30. Article 41 of the Convention provides:
“If the Court finds that there has been a violation of the Convention or the Protocols thereto, and if the internal law of the High Contracting Party concerned allows only partial reparation to be made, the Court shall, if necessary, afford just satisfaction to the injured party.”
31. The applicant claimed EUR 47 in respect of pecuniary damage, representing the amount he had paid to Governor Rutskoy in pursuance of the domestic judgments, adjusted for inflation. As regards non-pecuniary damage, the applicant considered that a finding of a violation would constitute a sufficient just satisfaction.
32. The Government accepted the claim for pecuniary damage in the amount of RUR 1,070 which the applicant had actually paid to the Governor. They stated that the applicant had not submitted a calculation of inflation-related losses.
33. The Court considers that there is a causal link between the violation found and the alleged pecuniary damage in so far as the applicant referred to the amount which he had to pay to Mr Rutskoy under the domestic judgments. Moreover, some pecuniary loss must have been occasioned on account of the period that elapsed from the time when the above amount was paid until the Court's award (see Grinberg, § 39, cited above). Consequently, the Court awards the applicant EUR 50 in respect of pecuniary damage, plus any tax that may be chargeable on that amount.
34. The applicant claimed RUR 35,000 (EUR 1,026) for his representation before the Court by Ms Arapova. He submitted a legal services contract and two payment receipts.
35. The Government submitted that the amount of legal fees was excessive and unreasonable. Furthermore, they claimed that the only acceptable evidence of payment would be the representative's tax declaration, stamped by the tax authority.
36. According to the Court's case-law, an applicant is entitled to reimbursement of his costs and expenses in so far as it has been shown that these have been actually and necessarily incurred and were reasonable as to quantum. Examining the documents submitted by the applicant, the Court is satisfied that the applicant paid his representative the amounts stipulated in the legal services contract. Whether the applicant's representative paid taxes on these amounts is immaterial for making an award under Article 41 of the Convention.

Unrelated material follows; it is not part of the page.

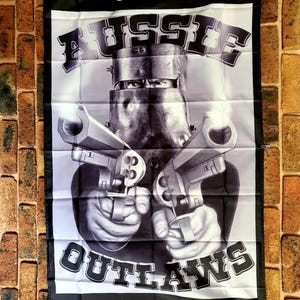 Peut inclure: Un drapeau rectangulaire en noir et blanc représentant une personne portant un casque en métal et tenant deux revolvers. Le texte indique "SUCH IS LIFE", "AUSSIE", "OUTLAWS" et les années "1855 - 1880" en caractères gras et bien visibles.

It further considers that the legal fee was reasonable as to quantum and awards the applicant the entire amount he claimed in respect of costs and expenses, namely EUR 1,026, plus any tax that may be chargeable on it.
C. Default interest
37. The Court considers it appropriate that the default interest should be based on the marginal lending rate of the European Central Bank, to which should be added three percentage points.
1. Holds that there has been a violation of Article 10 of the Convention;
(a) that the respondent State is to pay the applicant, within three months from the date on which the judgment becomes final in accordance with Article 44 § 2 of the Convention, the following amounts, to be converted into Russian roubles at the rate applicable at the date of settlement:
(i) EUR 50 (fifty euros) in respect of pecuniary damage;
(ii) EUR 1,026 (one thousand and twenty-six euros) in respect of costs and expenses;
(iii) any tax that may be chargeable;
(b) that from the expiry of the above-mentioned three months until settlement simple interest shall be payable on the above amounts at a rate equal to the marginal lending rate of the European Central Bank during the default period plus three percentage points.
Done in English, and notified in writing on 31 July 2007, pursuant to Rule 77 §§ 2 and 3 of the Rules of Court.